解读一:RFC793 P17,描述是“The urgent pointer points to the sequence number of the octet following the urgent data.”,在P41有描述“This mechanism permits a point in the data stream to be designated as the end of urgent information. Whenever this point is in advance of the receive sequence number (RCV.NXT) at the receiving TCP, that TCP must tell the user to go into “urgent mode”; when the receive sequence number catches up to the urgent pointer, the TCP must tell user to go”,可以认为是:当前接收的报文中SEQ在SEG.SEQ+Urgent Pointer之前的都是,而urgent pointer是第一个非urgent data( TCP已经接受,但是还没有提交给应用的数据是不是呢?)
解读二:在P56的描述是“If the urgent flag is set, then SND.UP <-SND.NXT-1 and set the urgent pointer in the outgoing segments”,也就是urgent pointer是最后一个urgent data字节。而在RFC1122中消除了这一歧义:在P84中说明“the urgent pointer points to the sequence number of the LAST octet (not LAST+1) in a sequence of urgent data”

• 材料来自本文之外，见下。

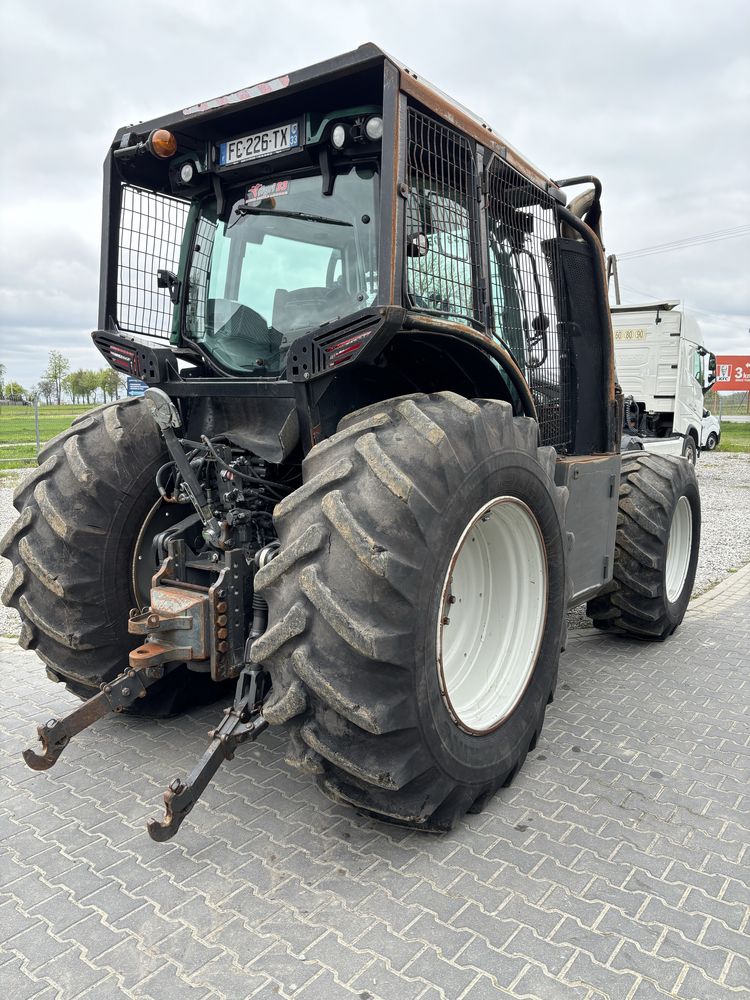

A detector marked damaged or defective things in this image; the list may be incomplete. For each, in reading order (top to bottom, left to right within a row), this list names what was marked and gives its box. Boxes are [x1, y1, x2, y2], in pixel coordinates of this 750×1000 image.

rusty metal bracket [22, 664, 178, 772]
rusty metal bracket [147, 664, 268, 844] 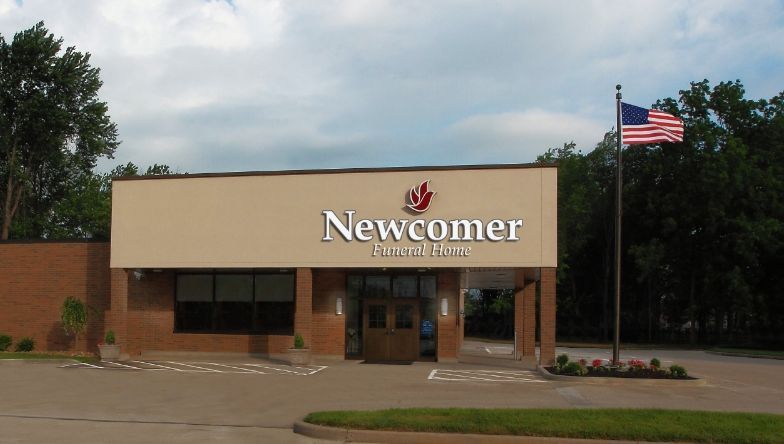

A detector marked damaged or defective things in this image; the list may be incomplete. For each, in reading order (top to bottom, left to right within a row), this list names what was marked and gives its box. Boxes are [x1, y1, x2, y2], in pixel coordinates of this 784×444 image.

parking lot pavement crack [556, 386, 592, 408]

int tcp_sendmsg(struct kiocb *iocb, struct sock *sk, struct msghdr *msg,
size_t size)
{
。。。。。。。。。。。。。。
/*如果flags设置了MSG_OOB该接口其实返回的mss_now关闭了TSO功能*/
mss_now = tcp_send_mss(sk, &size_goal, flags);
。。。。。。。。。。。。。。
while (--iovlen >= 0) {
size_t seglen = iov->iov_len;
unsigned char __user *from = iov->iov_base;
iov++;
while (seglen > 0) {
int copy = 0;
int max = size_goal;
skb = tcp_write_queue_tail(sk);
if (tcp_send_head(sk)) {
if (skb->ip_summed == CHECKSUM_NONE)
max = mss_now;
copy = max - skb->len;
}
if (copy <= 0) {
new_segment:
/* Allocate new segment. If the interface is SG,
* allocate skb fitting to single page.
*/
if (!sk_stream_memory_free(sk))
goto wait_for_sndbuf;
skb = sk_stream_alloc_skb(sk,
select_size(sk, sg),
sk->sk_allocation);
if (!skb)
goto wait_for_memory;
/*
* Check whether we can use HW checksum.
*/
if (sk->sk_route_caps & NETIF_F_ALL_CSUM)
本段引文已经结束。